DATA PROVIDED

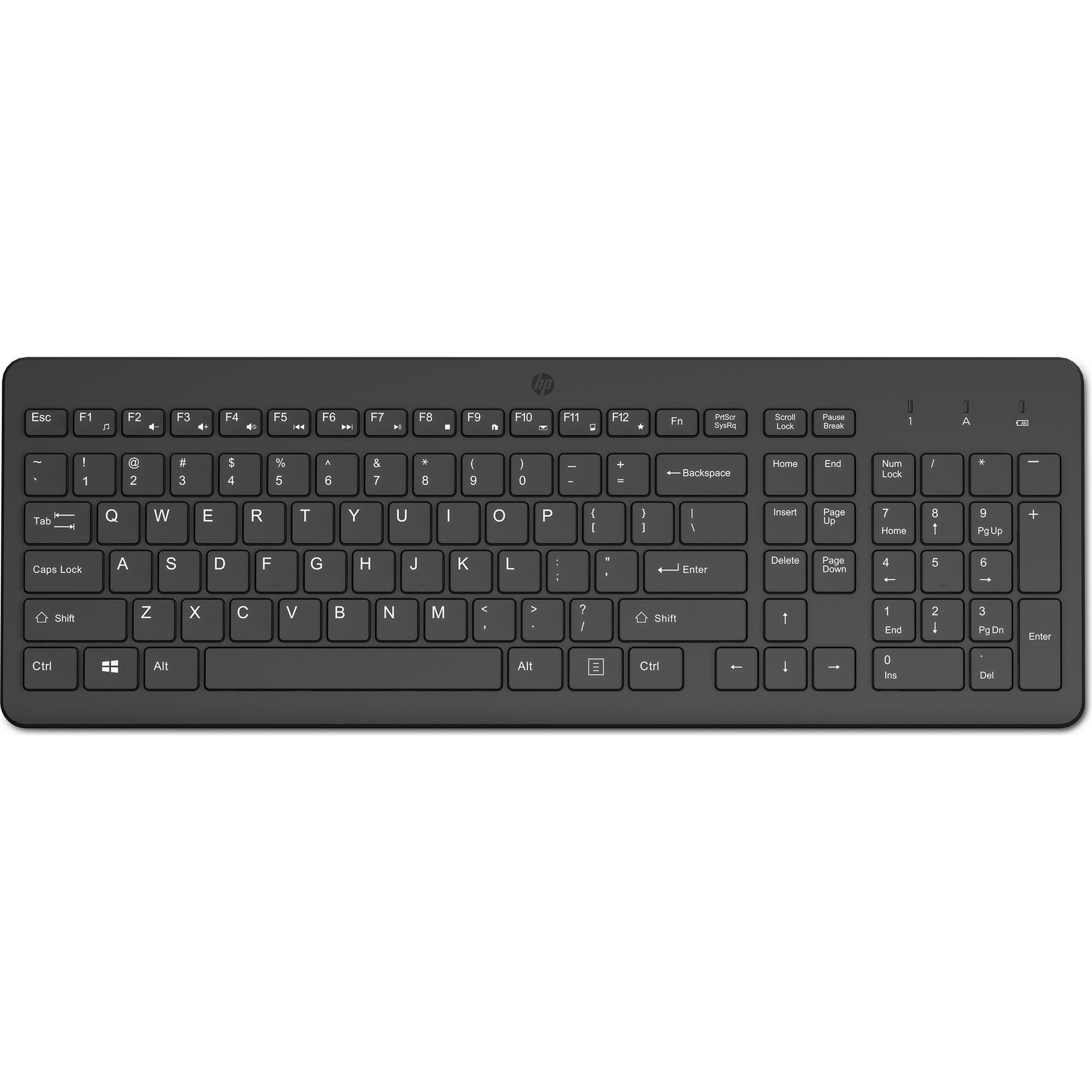 Thumbnail - HP 225 WL KBD Germany - German localizat (DE, Kabellos), Tastatur, Schwarz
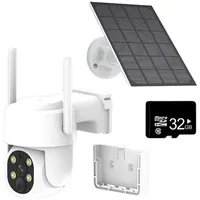 Outdoor WLAN PTZ Kamera, Solarbetrieben, 4MP HD Video, WIFI+32G Karte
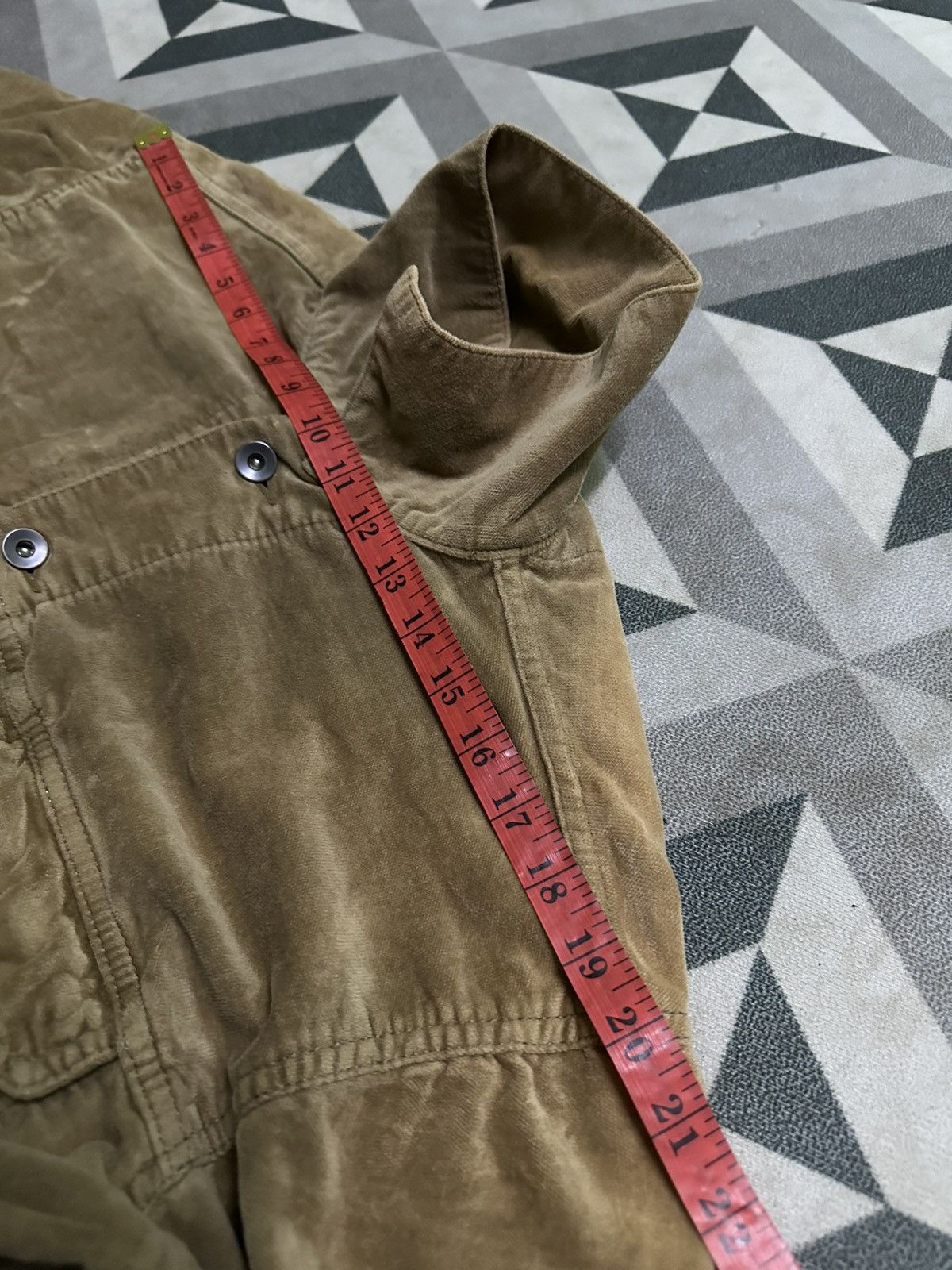Uniqlo Vintage Uniqlo brown corduroy trucker denim jacket Size US M / EU 48-50 / 2 - 9 Thumbnail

PROBLEM TO SOLVE
Give back the whole listing as it stands, minus its pictures.

EXERCISE ANSWER
 Thumbnail - HP 225 WL KBD Germany - German localizat (DE, Kabellos), Tastatur, Schwarz
 Outdoor WLAN PTZ Kamera, Solarbetrieben, 4MP HD Video, WIFI+32G Karte
Uniqlo Vintage Uniqlo brown corduroy trucker denim jacket Size US M / EU 48-50 / 2 - 9 Thumbnail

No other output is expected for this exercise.